But suppose I start listing out all the possible programs. I am allowed to list them as they form a countable set involving finite length permutations of a countable number of symbols. We can label each program $X_0$, $X_1$ ... where $X_n$ denotes the n'th program that is listed by some scheme of selecting and permuting symbols.

Obviously an algorithm cannot exist that is successfully able to verify if ALL of the programs halt or do not. But does there exist any program $X_i$ for which it is simply not possible to verify if it will halt or not?


My analysis of it so far:

Assume we discover a program X that isn't verifiable. In other words there is a proof that there does not exist any algorithm A to determine if X terminates or does not. Then simply running X cannot result in us finding out if it terminates.

Thus X does not terminate in any finite amount of time. Thus X doesn't halt. Therefore we have concluded that X is verifiable. Meaning there doesn't exist an undecidable program X for which there exists a proof that X cannot be verified by an Algorithm A in a finite amount of time.

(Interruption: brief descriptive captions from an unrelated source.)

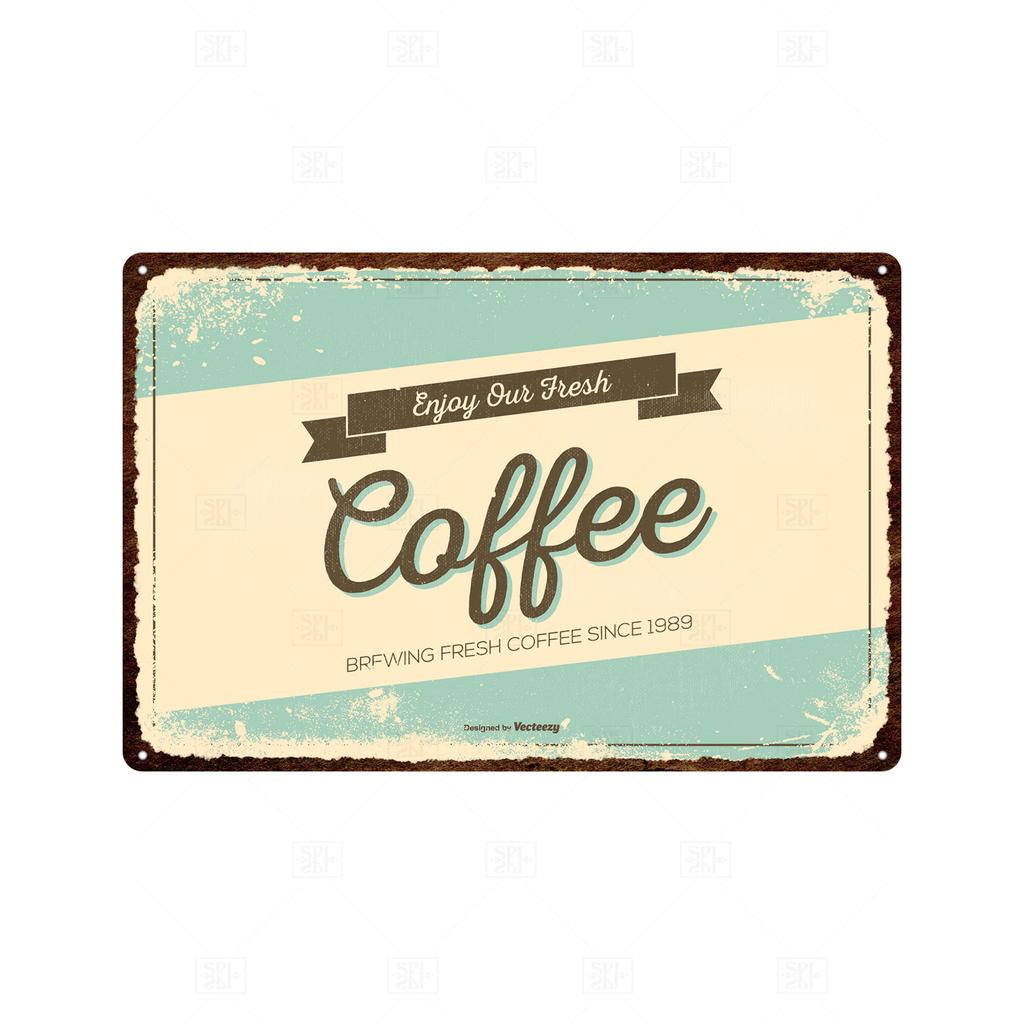 Coffee Vintage Tin Sign Metal Sign Decorative Plaque Retro Plate Cafe Kitchen Living Room Coffee Bar Decoration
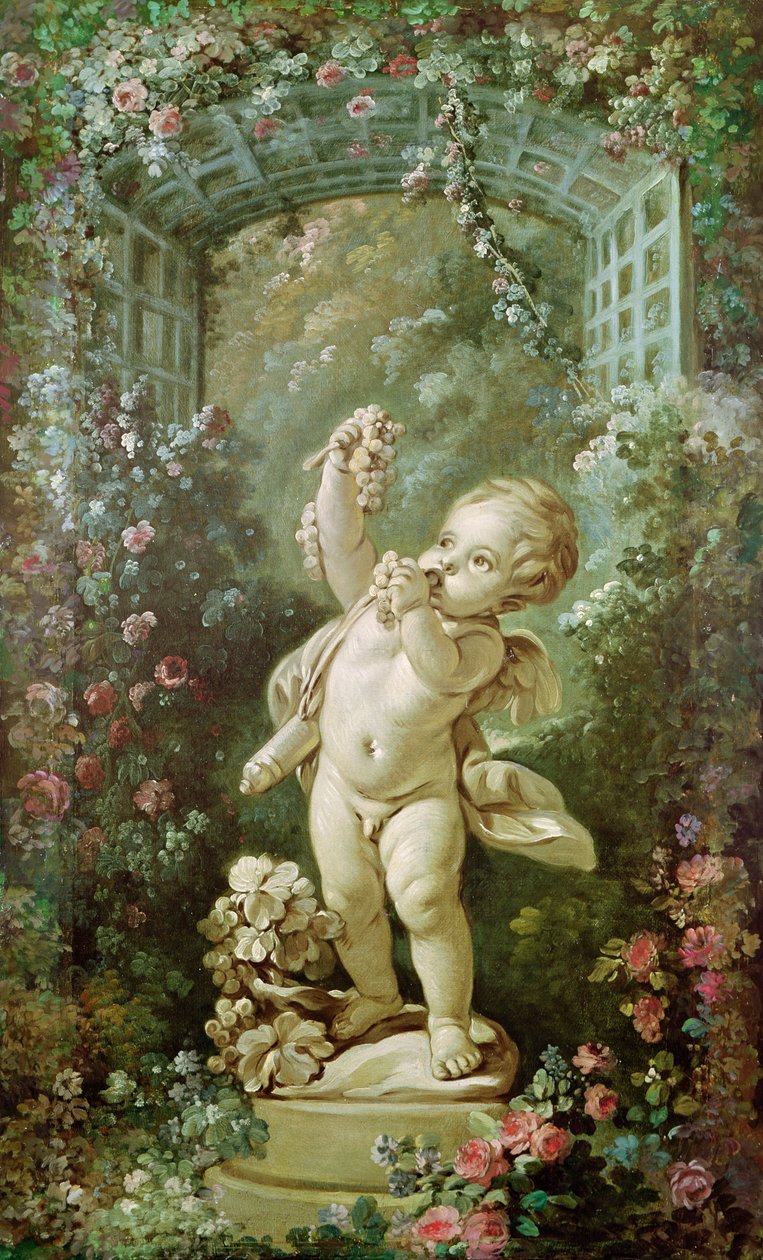 Ámor szőlővel alkotó: François Boucher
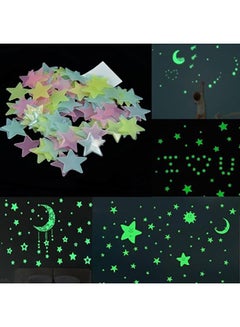 100-Piece 3D Stars Glow In The Dark Ceiling Wall Stickers Pink - v1557829618/N25242777A_2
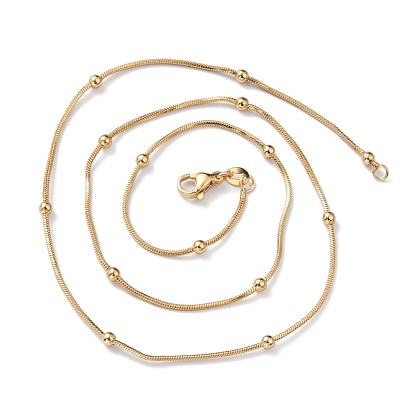 Collares de cadena de la serpiente de bronce, con cuentas redondas y broches pinza de langosta, larga duración plateado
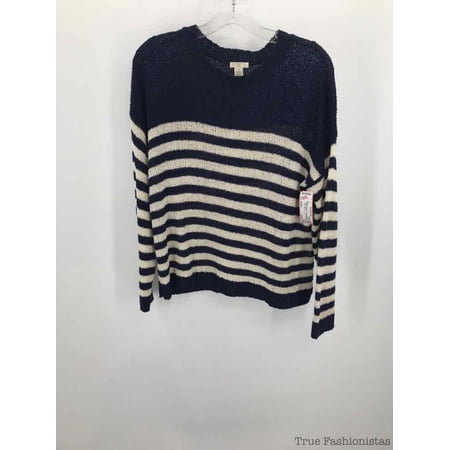 Pre-Owned BP Navy Size Medium Stripe Open Knit Sweater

This however DOES NOT Mean every program X either can be proven to halt or not. Rather it states the programs X that are undecidable themselves do not have a proof of this fact. Here is the catch, if there is a proof that a program X cannot be proven to be undecidable then it must be the case that X is decidable so if X is undecidable then even this type of a proof cannot exist.

We conclude that if X is undecidable, then there doesn't exist a proof of X is undecidable, nor a proof that there doesn't exist a proof of X being undecidable.

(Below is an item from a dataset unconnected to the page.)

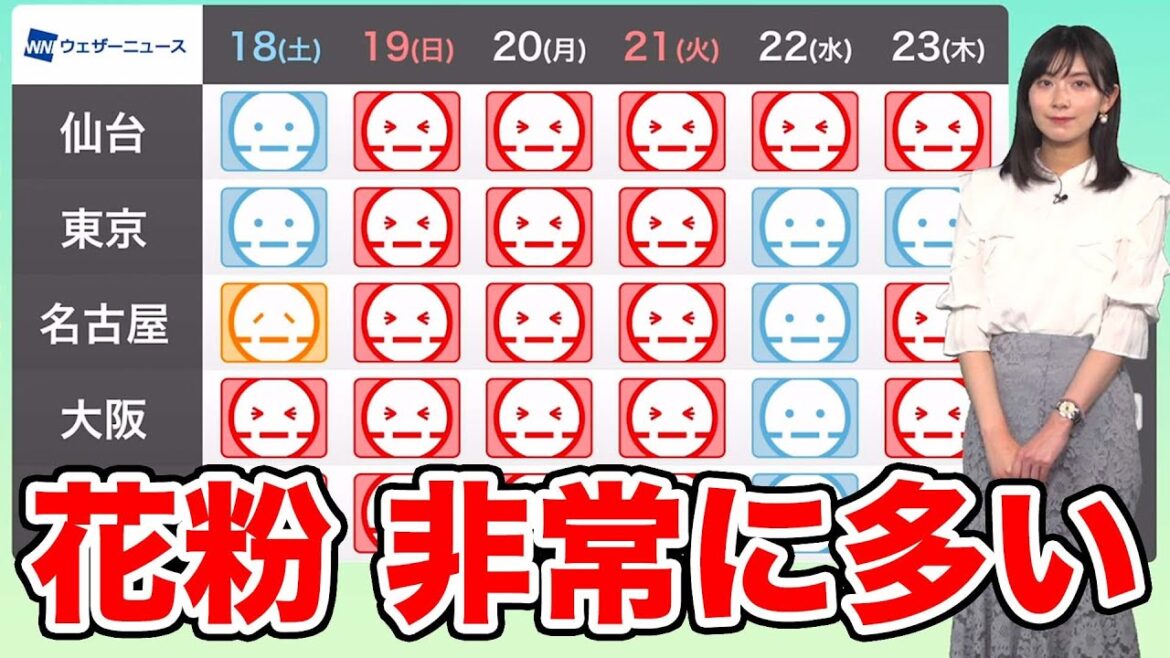 花粉飛散予想　週末以降も非常に多い　2023年3月17日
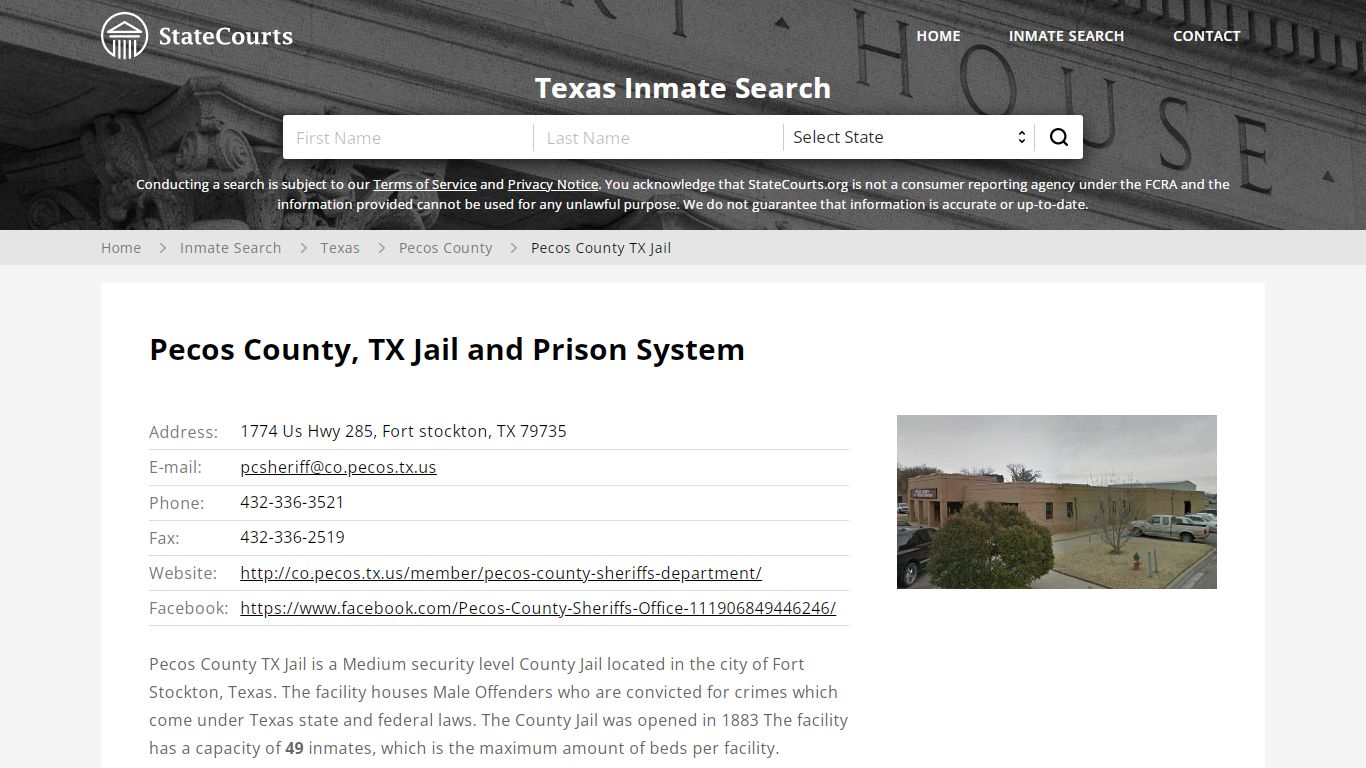 Pecos County TX Jail Inmate Records Search, Texas ...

Here is another form of the question, if I arbitrarily continue this chain of analysis I believe I will always conclude that X doesn't exist. That is if $$\exists \text{Proof} (\nexists \text{Proof of} \left( \nexists \text{Proof of} \left( \nexists \text{Proof of} \left( ... \left(\text{Program X is undecidable} \right) \right) \right) \right) $$ Then,

X is decidable.

Whats a hint for beginning to prove this result. And if such a proof exists, what philosophical implications does that have?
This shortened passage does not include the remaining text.